In het erwtensoeppakket zat alles wat ervoor nodig is: winterwortel, prei, knolselderij, ui en aardappel. Zelfs een recept erbij! Zelf had ik nog spliterwten en voor Gert een rookworstje. Dat moest lukken. "We eten lekker erwtensoep, Gert." Gerts gezicht ging op onweer. "Je weet toch dat ik dat niet lust", bromde hij. Dat wist ik niet. Maar het komt de laatste tijd steeds vaker voor dat Gert zegt bepaalde gerechten nooit, echt nooit te hebben gelust en dat ik dat toch zou moeten weten. Nou ja, van erwtensoep wist ik dat echt niet. Aan tafel schep ik een heel klein beetje soep in Gerts soepkom. Gert neemt een hapje: "Hè, lekker, snert!"

zondag 11 januari 2015

Na de feestdagen

Sinterklaas, kerstdagen, Oud en Nieuw, verjaardagen van ons beiden: we hebben het weer achter de rug!

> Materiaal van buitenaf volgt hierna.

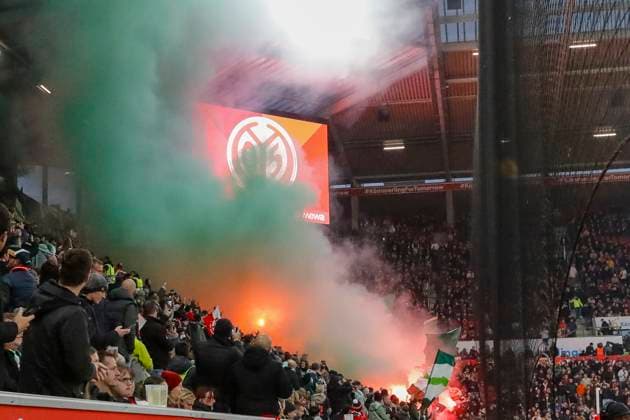FanblockSV Werder Bremen, Pyrotechnics , Germany, Football, 1 Bundesliga, 9 Matchday, 2025 2026, 1 FSV Mainz vs Werder Bremen, 01 11 2025, Mewa Arena, Mainz, Germany Mainz Mewa Arena Rheinland Pfalz Germany Copyright: xGrantxHubbsx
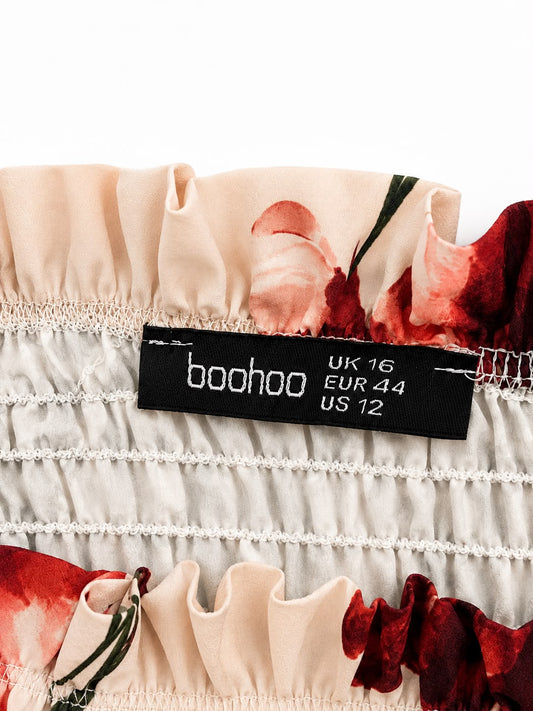 Boohoo  Bardot Shirred Peplum Top, Flora Cream - Size 16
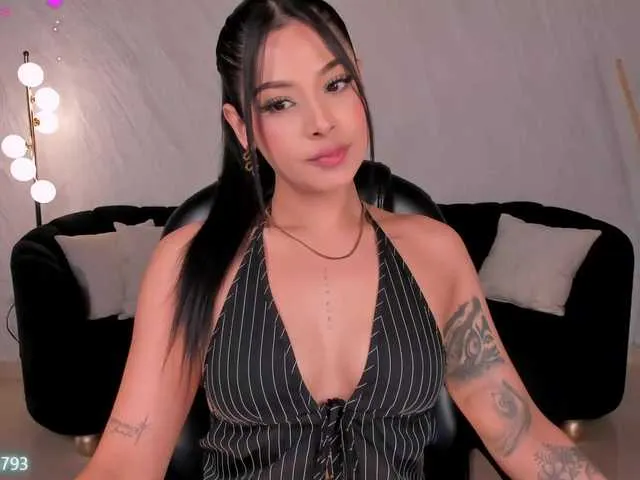 Live sex webcam photo for AlyssaDean #293562325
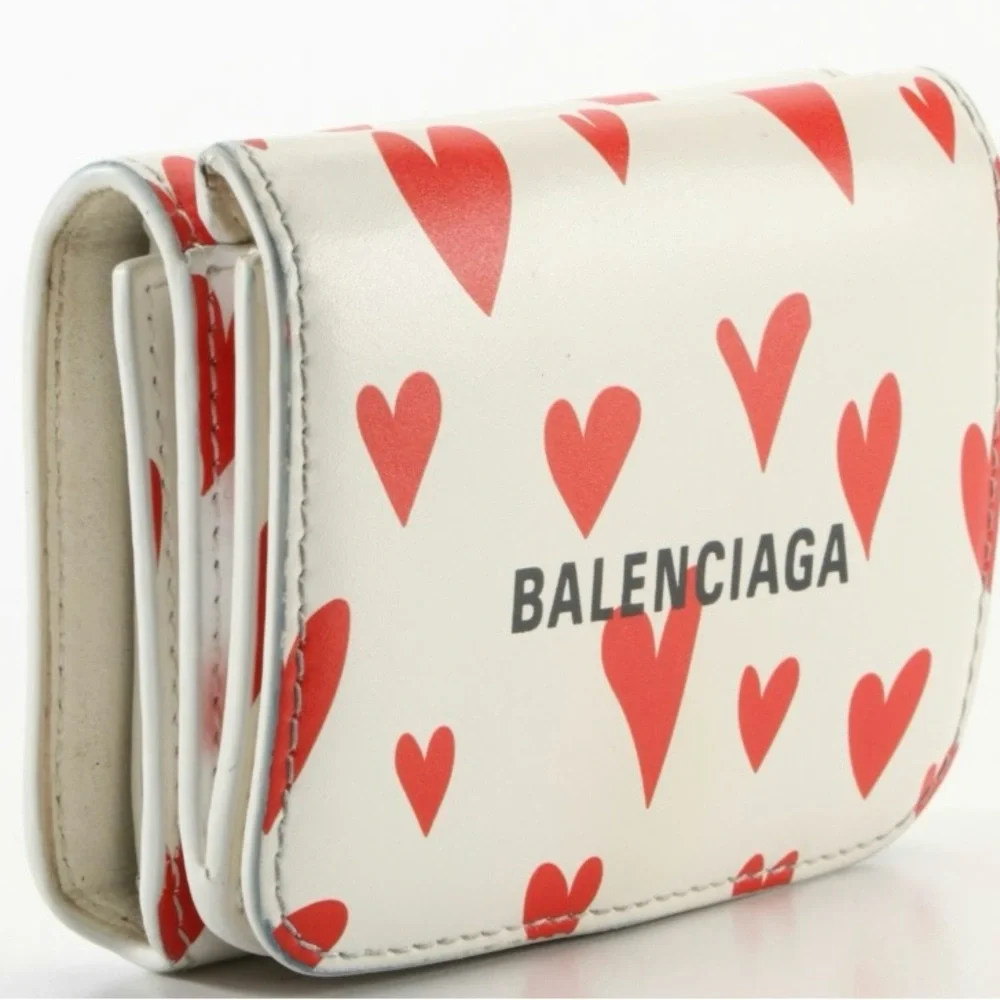 Balenciaga Red Heart Women's Bag - Picture 2 of 5
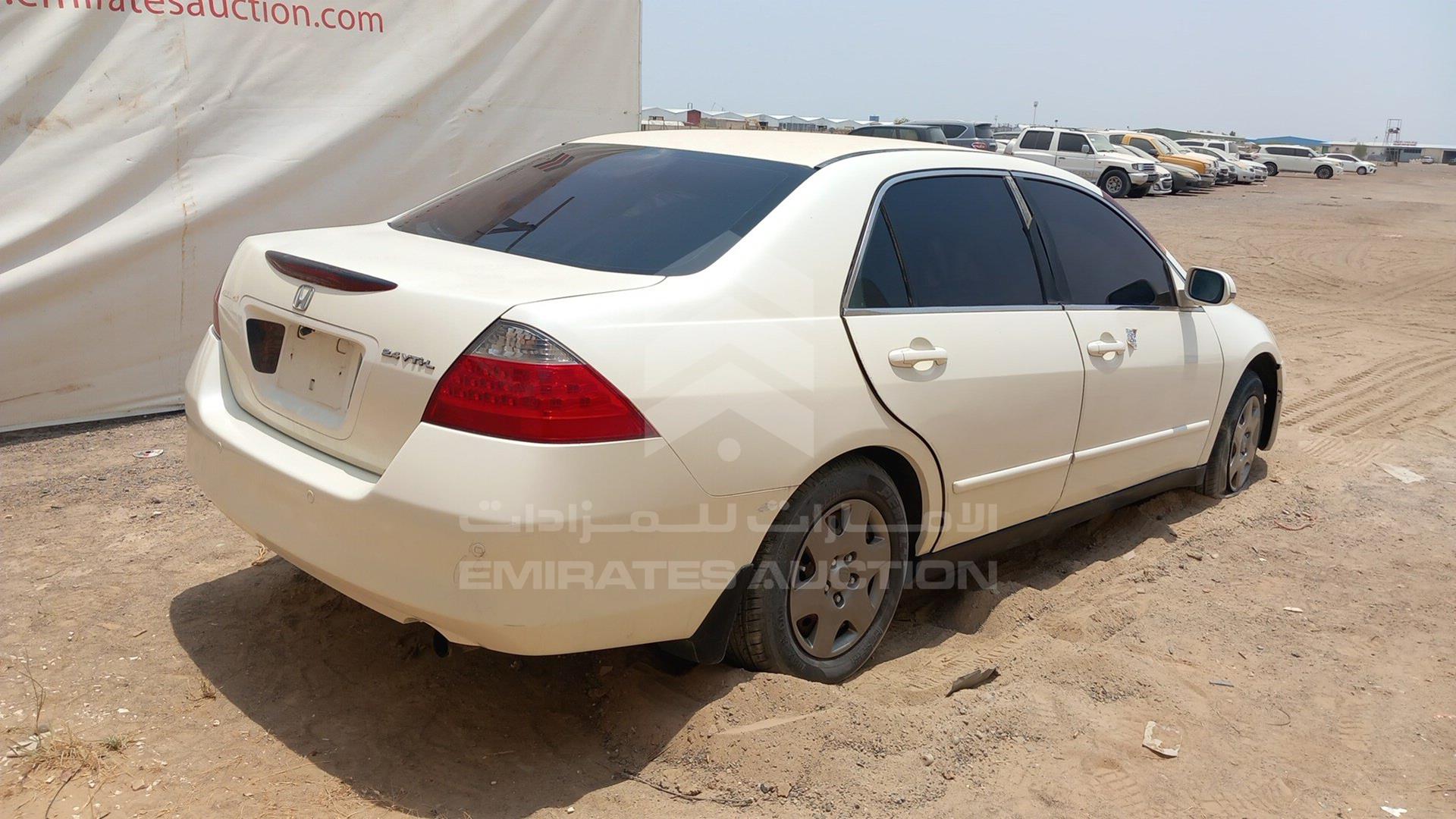 2006 HONDA ACCORD VIN: JHMCM56556C415306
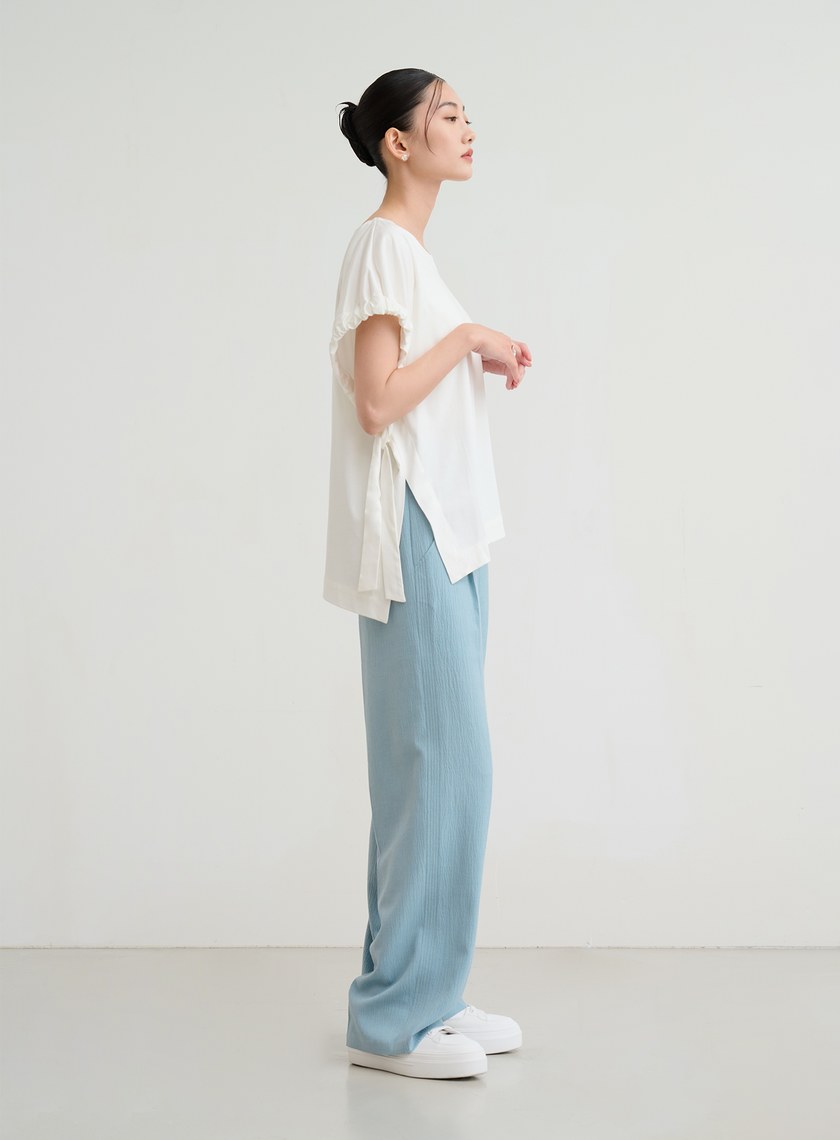 不對稱袖口抽皺上衣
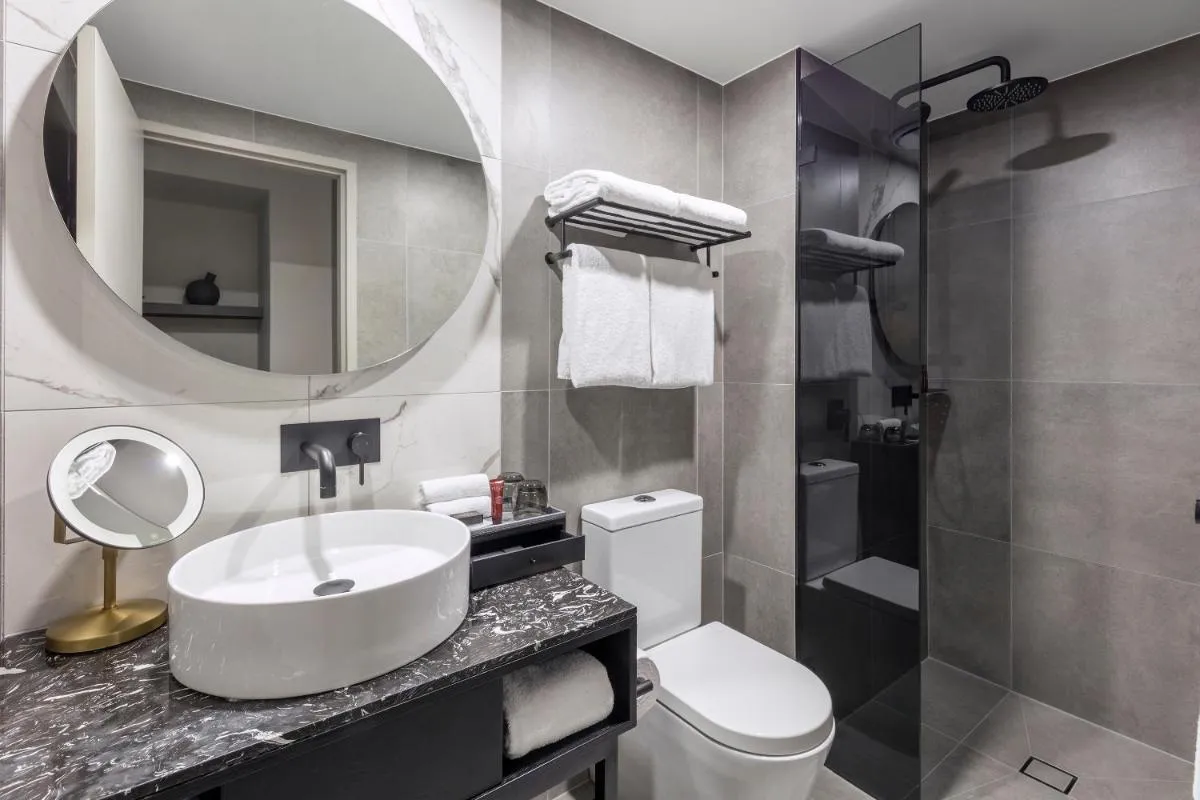 Image 2 of Deco Hotel Canberra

Dit jaar geen surprises en gedichten met Sinterklaas. Het ging aan Gert voorbij.

Dat was ook zo met de kerstdagen. De kerstboom en andere versiering brachten vooral verwarring over hoe ons huis in elkaar zit: wie woont er onder ons, wie boven ons? Dat wij een eengezinswoning hebben en dat er niemand onder of boven ons woont, kan Gert maar niet begrijpen. Het zijn vragen die passen bij de periode dat hij met zijn moeder op een flat woonde (tot het moment dat hij op kamers ging wonen, omdat hij ging studeren). Gert heeft het ook vaak over zijn neefje met wie hij toen vaak speelde.

De dagen voor oudejaarsdag was Gert erg bang voor het vuurwerk. Hij durfde eind van de middag niet meer mee om Bonne uit te laten. Ik ga nu alleen. Ik probeer wel zo snel mogelijk weer thuis te zijn, omdat Gert in het donker niet graag alleen is. Kom ik naar ons huis toegelopen, dan zie ik hem vaak voor het raam staan. Ook al zwaai ik, hij ziet me niet.

Op onze verjaardagen hadden we verspreid over de dagen aanloop van vooral familie. Andere jaren ging mijn verjaardag vaak ongemerkt voorbij. Maar dit jaar moest het anders, vond ik. Gert wist wel dat ik jarig was, maar kan niets meer ondernemen. Daarom kocht ik mijn eigen cadeautje, bakte een paar taarten en vierde mijn verjaardag. Op Gerts verjaardag deden we het rustig aan: niet te veel bezoek tegelijk, Bonne regelmatig in de bench om onrust te vermijden en natuurlijk ook veel lekkers de hele dag.

Nu maar hopen dat januari gauw voorbij is. Niet onze favoriete maand ...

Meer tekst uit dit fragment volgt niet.